WORK TO COMPLETE | What follows is a set of records. Retype them exactly, leaving out the pictures.

Brief descriptive captions:
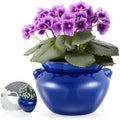 1 Sets African Violet Pots 7.5 Inch Self Watering Pot for Indoor Ceramic Self Watering Planter for Flower Lovers Ideal Plant Pot Thriving Flower Maintenance by Sunnychicc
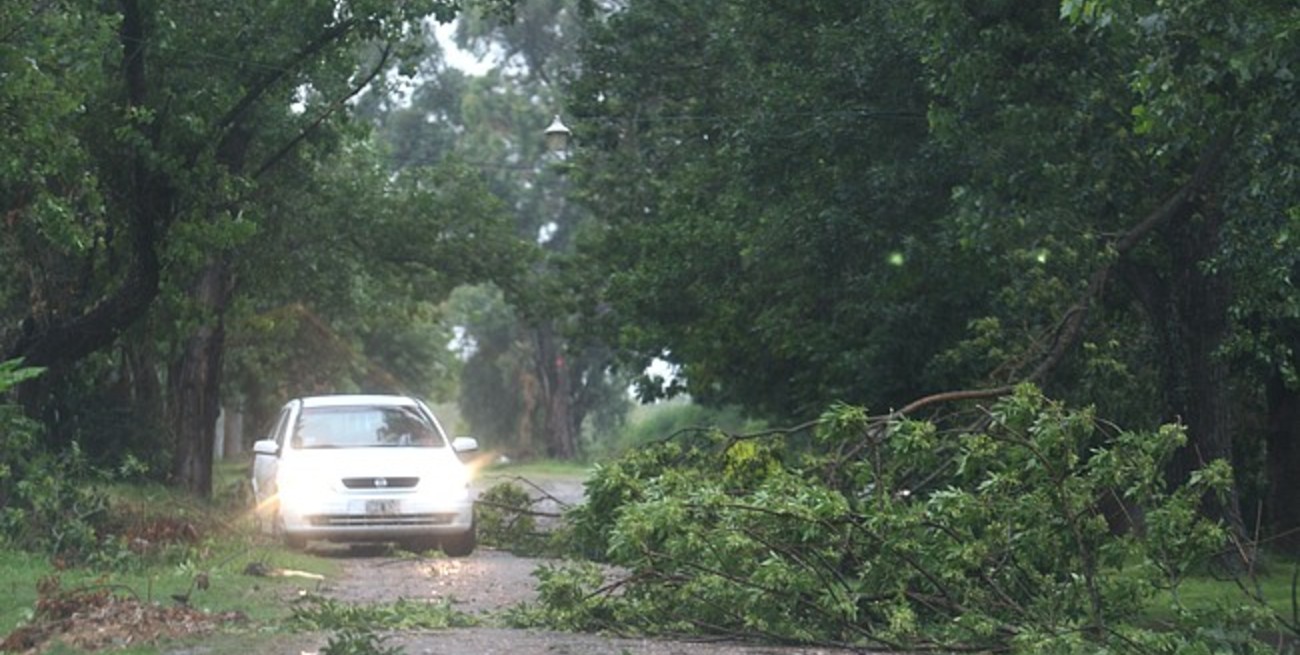 Un fuerte temporal azotó a nuestra región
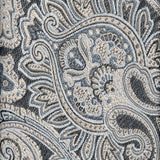 NTR13596010 | Charcoal Paisley Jacquard Silk Tie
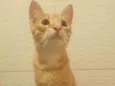 ....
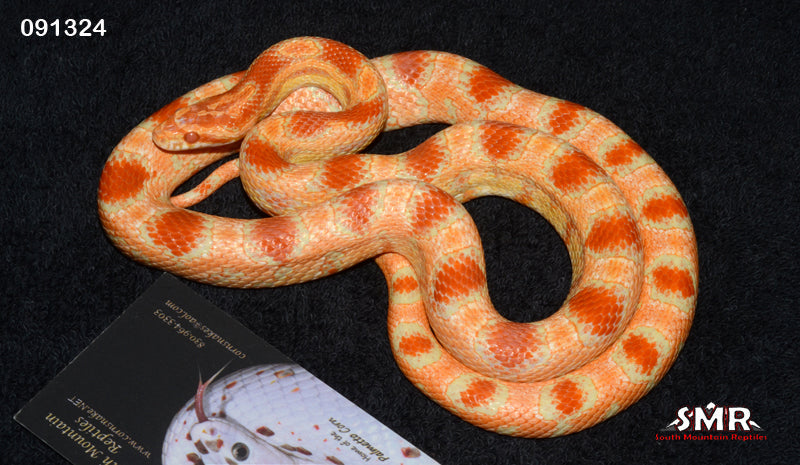 Reverse Okeetee 32" Female for sale by South Mountain Reptiles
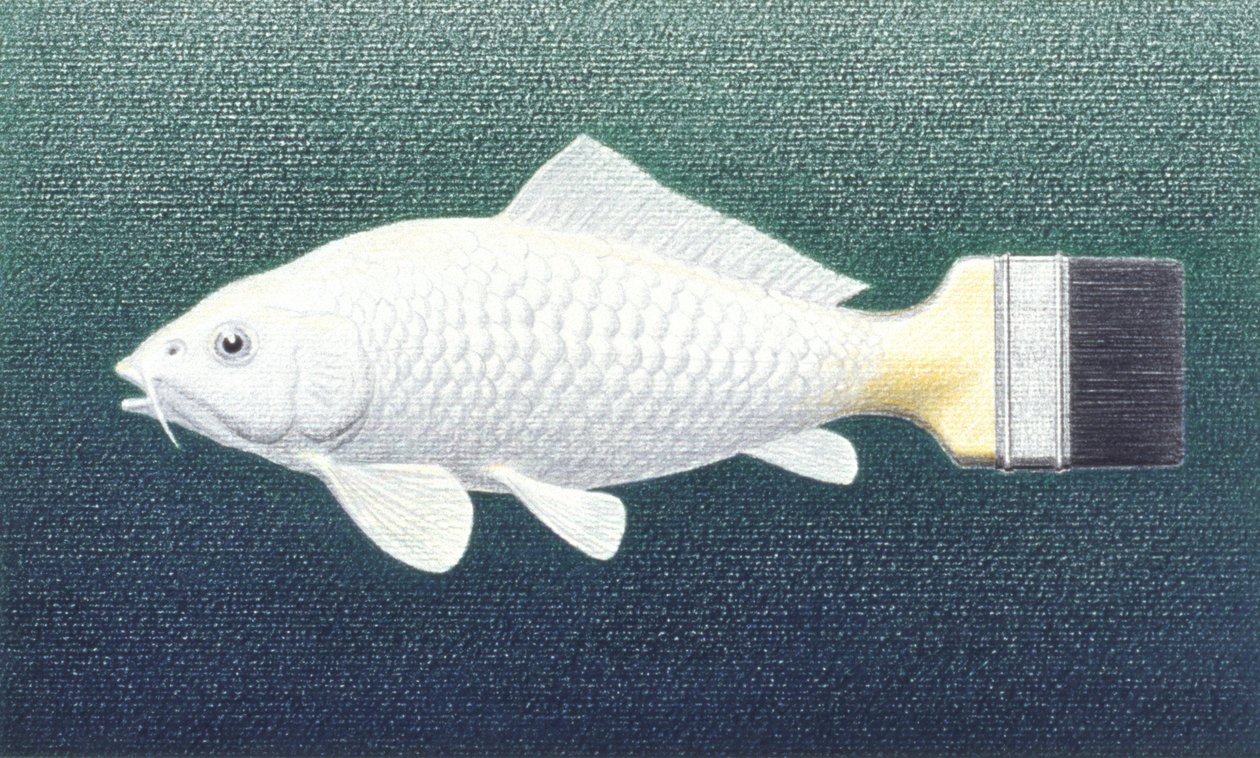 Brushfish, 2003, Rysunek ołówkiem na papierze autorstwa Rene Boin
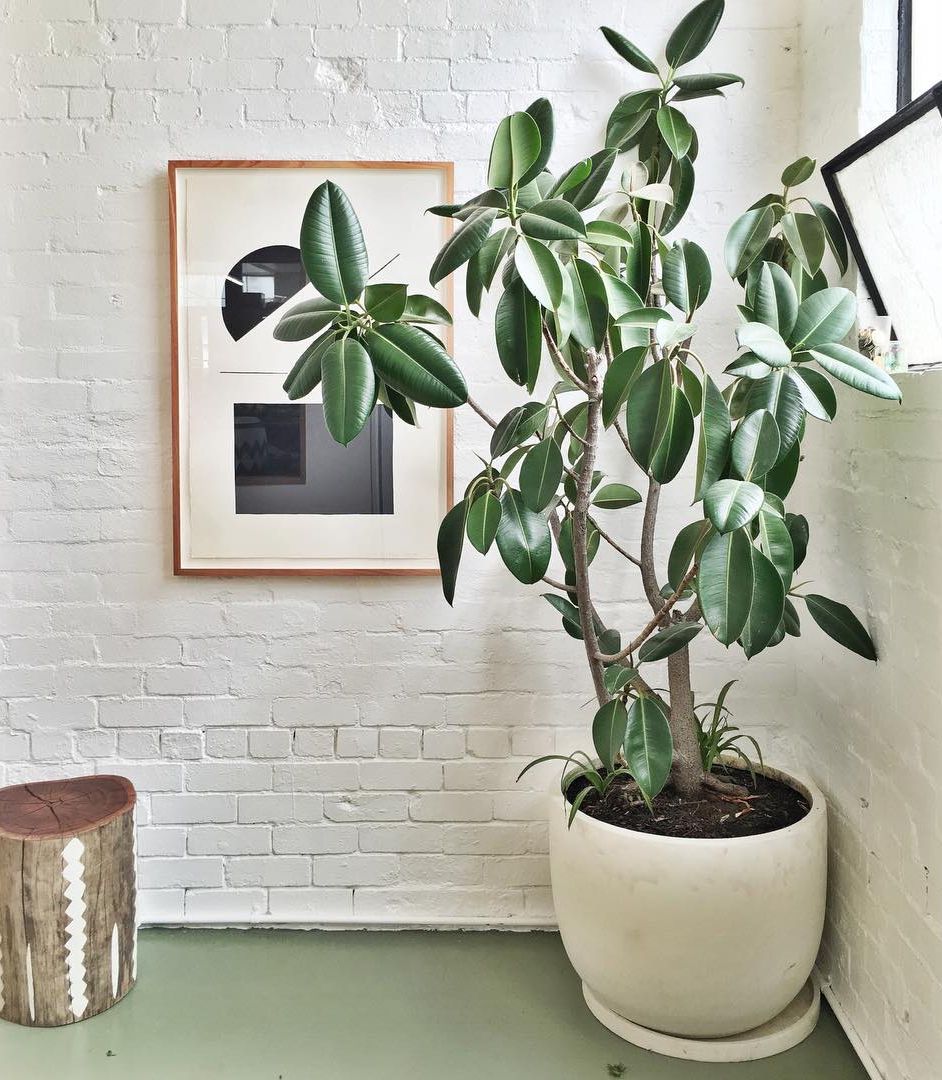 árbol de interior 9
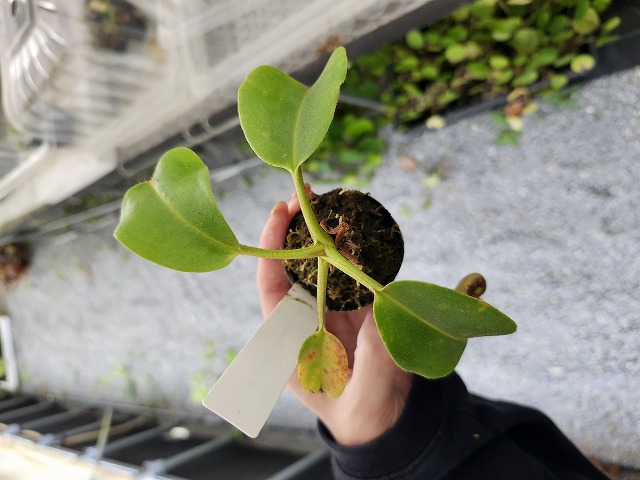 P382 5-1 N. truncata x (truncata x peltata ) Y's | Y's Exotics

FINISHED EXERCISE |
 1 Sets African Violet Pots 7.5 Inch Self Watering Pot for Indoor Ceramic Self Watering Planter for Flower Lovers Ideal Plant Pot Thriving Flower Maintenance by Sunnychicc
 Un fuerte temporal azotó a nuestra región
 NTR13596010 | Charcoal Paisley Jacquard Silk Tie
 ....
 Reverse Okeetee 32" Female for sale by South Mountain Reptiles
 Brushfish, 2003, Rysunek ołówkiem na papierze autorstwa Rene Boin
 árbol de interior 9
 P382 5-1 N. truncata x (truncata x peltata ) Y's | Y's Exotics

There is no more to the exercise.